The Yankees are now heading into what will almost certainly be the last year of a much-diminished Jeter's career with no Andy Pettitte, no Mariano Rivera, no homegrown stars at all for the first time in many years. The Cano Era having ended before it began, they now (re)enter the Mercenary Era, the "We paid them, so you love them, damn it," era.

That leaves Cano and the sense, perhaps inaccurate, that the tail wagged the dog here and ego trumped common sense -- Cano's desire to be treated like a rock star and Jay Z's to have the same celebrity in baseball that he had in music. Cano fit well in New York. It's easy to imagine that he would have been just the second Yankee to have 3,000 hits as well as a symbol of continuity in the post- Derek Jeter, post-Alex Rodriguez years. He was building to a number on the wall and a ranking as one of the team's inner circle of greats. He may yet still get that 3,000 and a trip to the Hall of Fame -- though it's worth wondering if Cano realizes how Adrian Beltre's five years in Safeco might have held him back just enough to keep him out of Cooperstown -- but the special feelings that attach to a franchise player likely won't be there. He'll be just another mercenary who can have whichever logo on his plaque because he's not identified with any team in particular.

It takes a certain kind of bravery to sacrifice comfort and adulation for the most money. It also takes bravery to say that you will leave that much money on the table, but only for now, because you have the confidence that you will still be worth a high level of compensation when you are 38, 39, 40. There is no wrong answer there, and given the way any athlete's career is just one bad injury from ending, Cano made the smarter play. Yet, in New York we've seen what a distracted Cano looks like. Five years ago, I began a description of Cano's aberrantly poor 2008 season this way: "A first-pitch swing at a ball out of the strike zone, popping it up to short left field, a disgusted shake of the head and dip of the shoulders, and a futile trot to first base." You still see that from Cano perhaps once a game. If he's unhappy in the Pacific Northwest, you might see even more of it, and then the contract will be a Carl Crawford-style disaster -- right player, right money, wrong place.

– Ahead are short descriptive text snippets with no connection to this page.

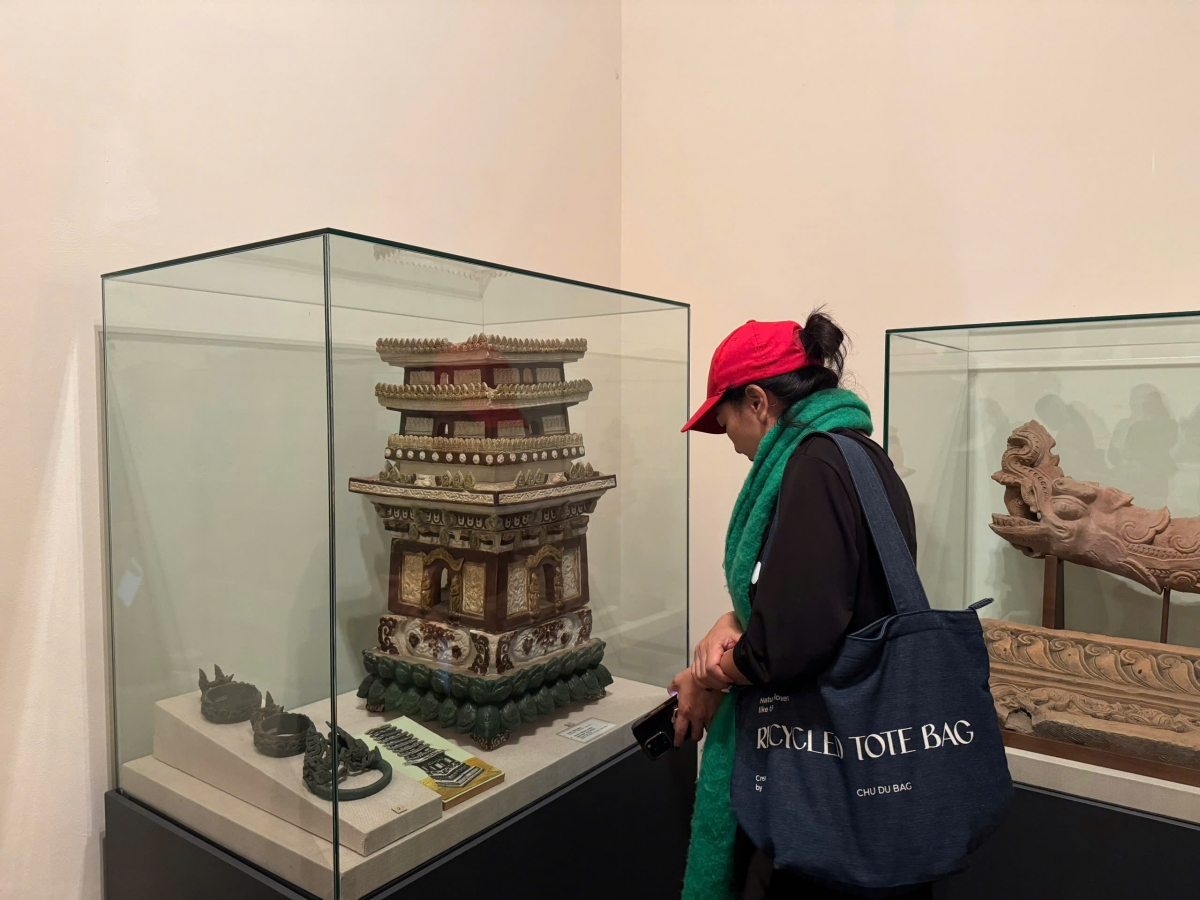 Du khách say sưa tìm hiểu thông tin các hiện vật trưng bày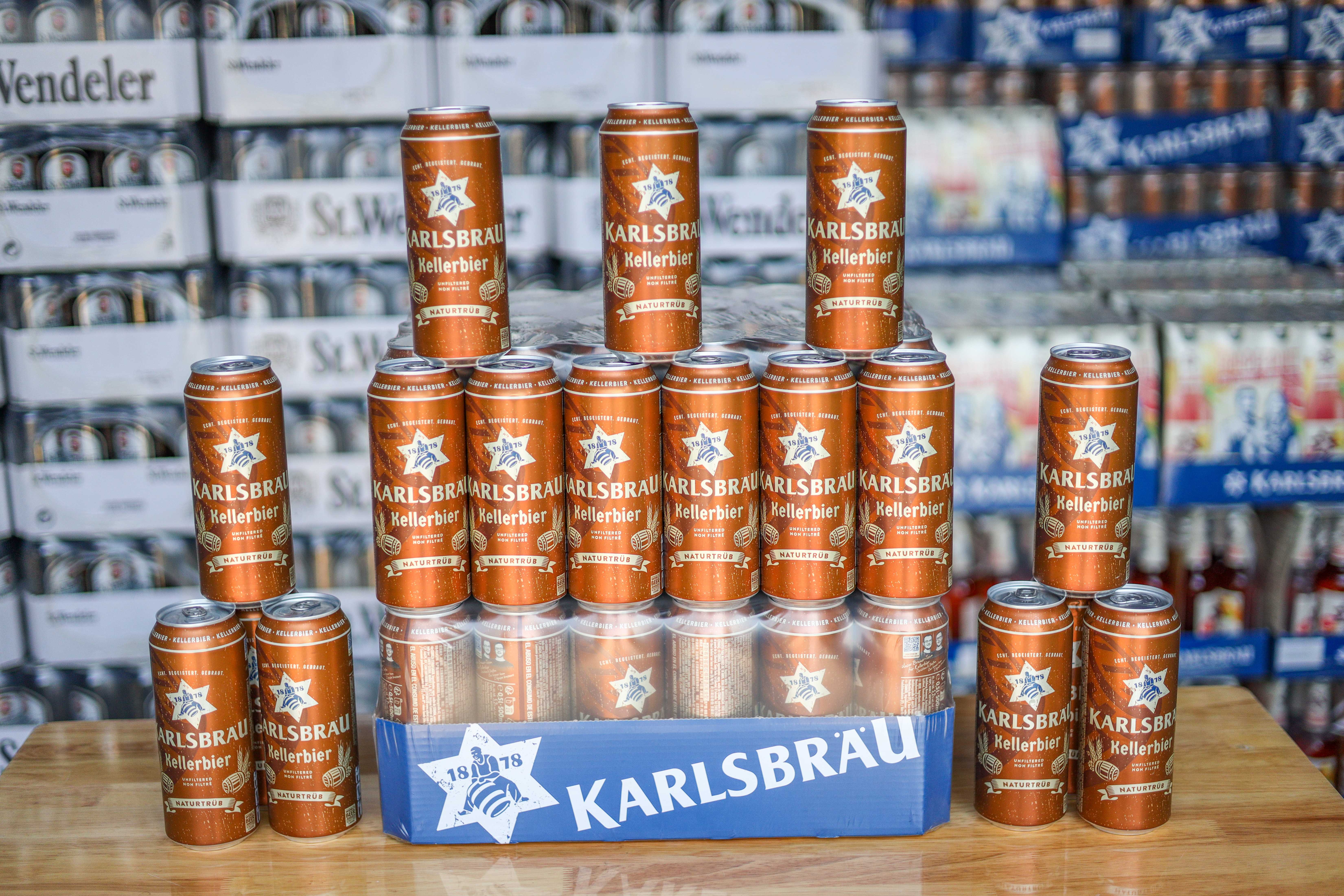 KARLSBRAU KELLERBIER - bia lúa mạch ( bia vàng ).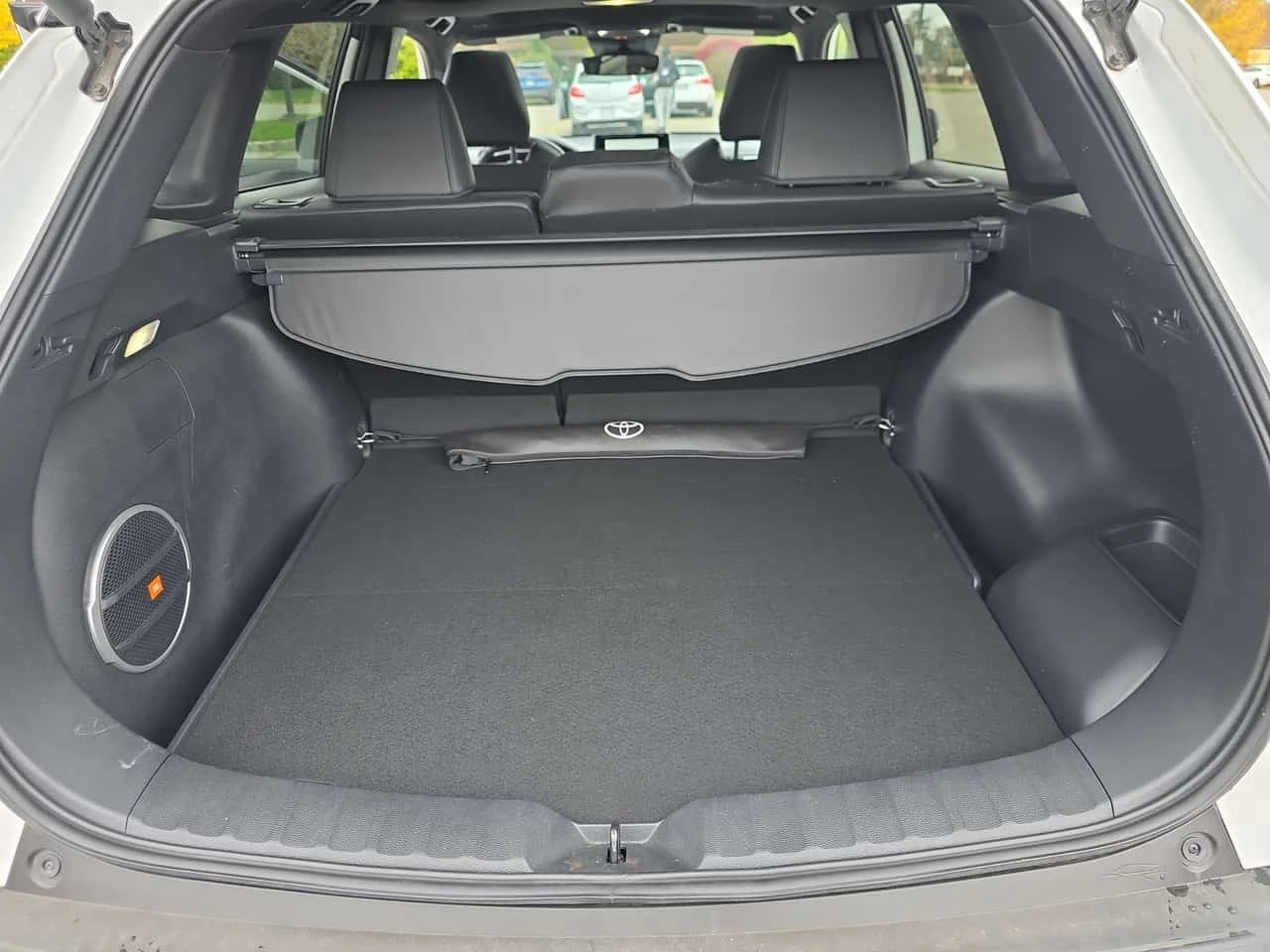 Toyota Corolla Cross XSE AWD | CARFAX | ��� ��������� | Mobile.bg � ����������� 13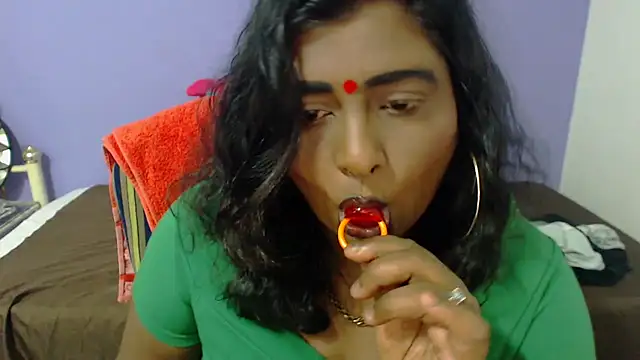 Snapshot of INDIANSIN2 chatting on May 31, 6:09 pm INDIANSIN2 online show from May 31, 6:09 pm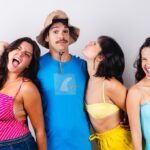 Bernardo Coimbra aceita desafio de interpretar 18 papéis na peça “Amigas”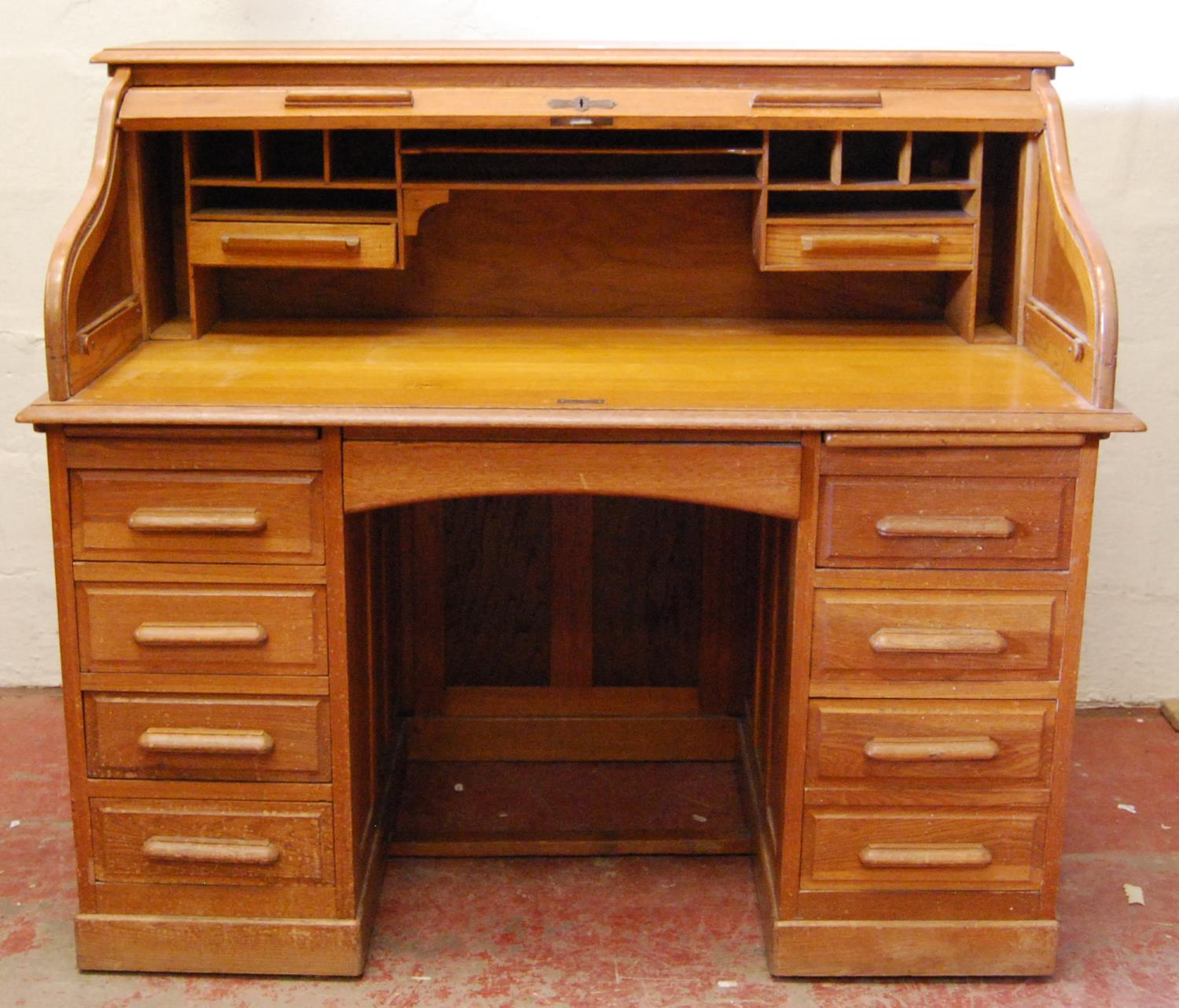 Oak roll-top desk, the tambour front enclosing a fitted interior, kneehole drawer flanked by banks - Image 2 of 3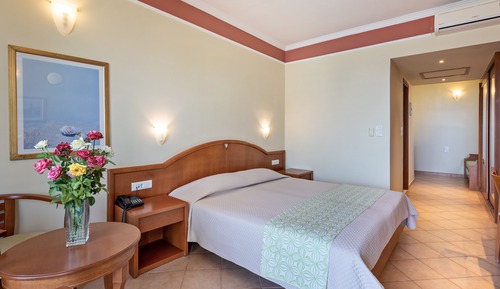 Superior Double Room, Front Sea View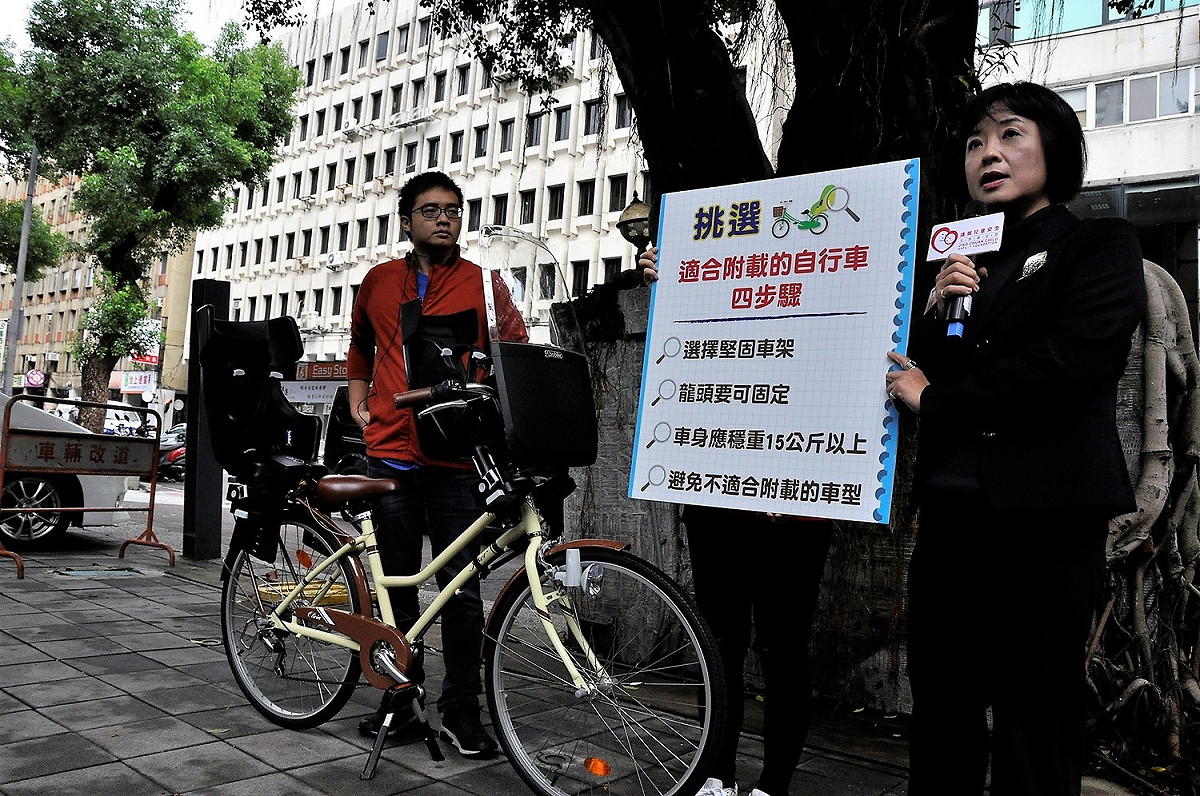 現行規定自行車不能載人，交通部準備修法同意自行車附載六歲以上孩童， 靖 娟基金會執行長林月琴（圖右）表示，現有的路況與載具，都讓媽媽們很緊張。 圖:陳香蘭／攝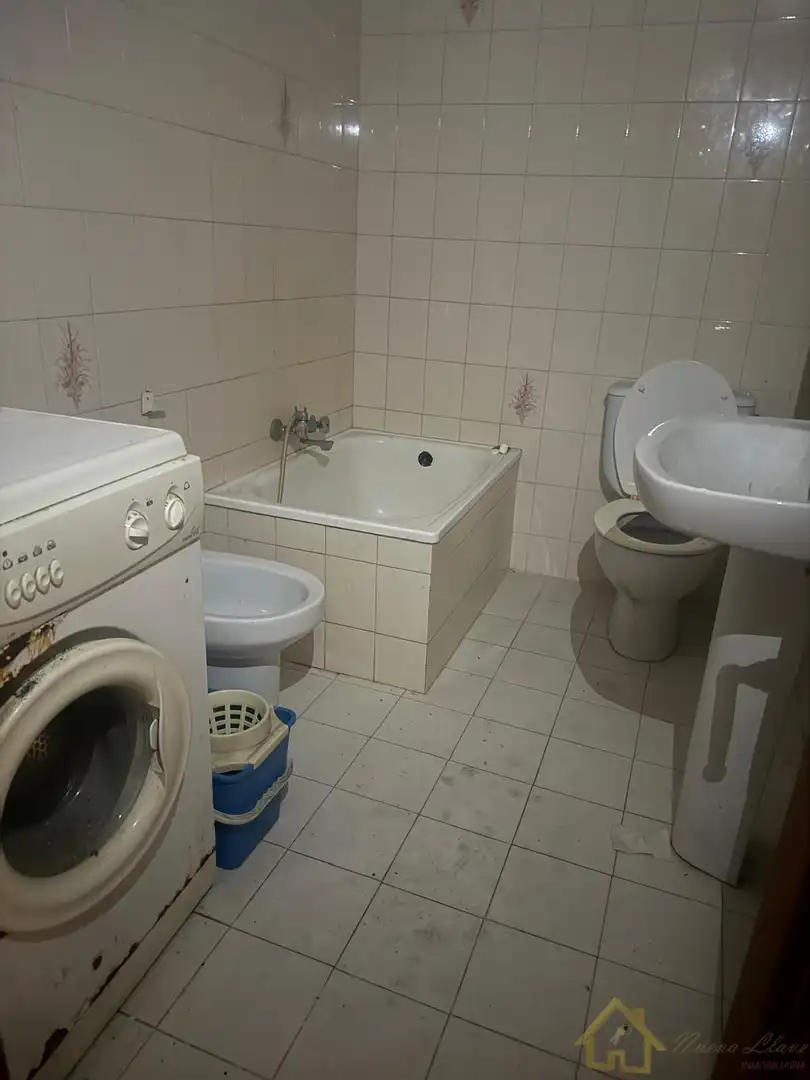 Badezimmer von Wohnung zum Verkauf in Lugo mit Heizung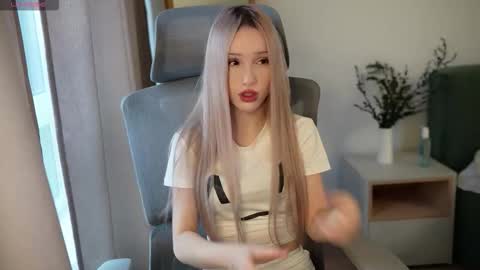 Laura online show from October 24, 9:21 am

This could be one of those rare occasions when the baleful old moral, "Got what you wanted, lost what you had," could apply to almost everyone in the story -- the Yankees, the Mariners, Cano (Jay Z gets to point out the head of the Mariners Moose on his wall regardless) -- but there's also a lot of upside here as well. To be continued, Cano-ver and Cano-ver again, until 2023. May you enjoy baseball in good health until then, and for the Mariners' sake, may the same be true of Cano as well.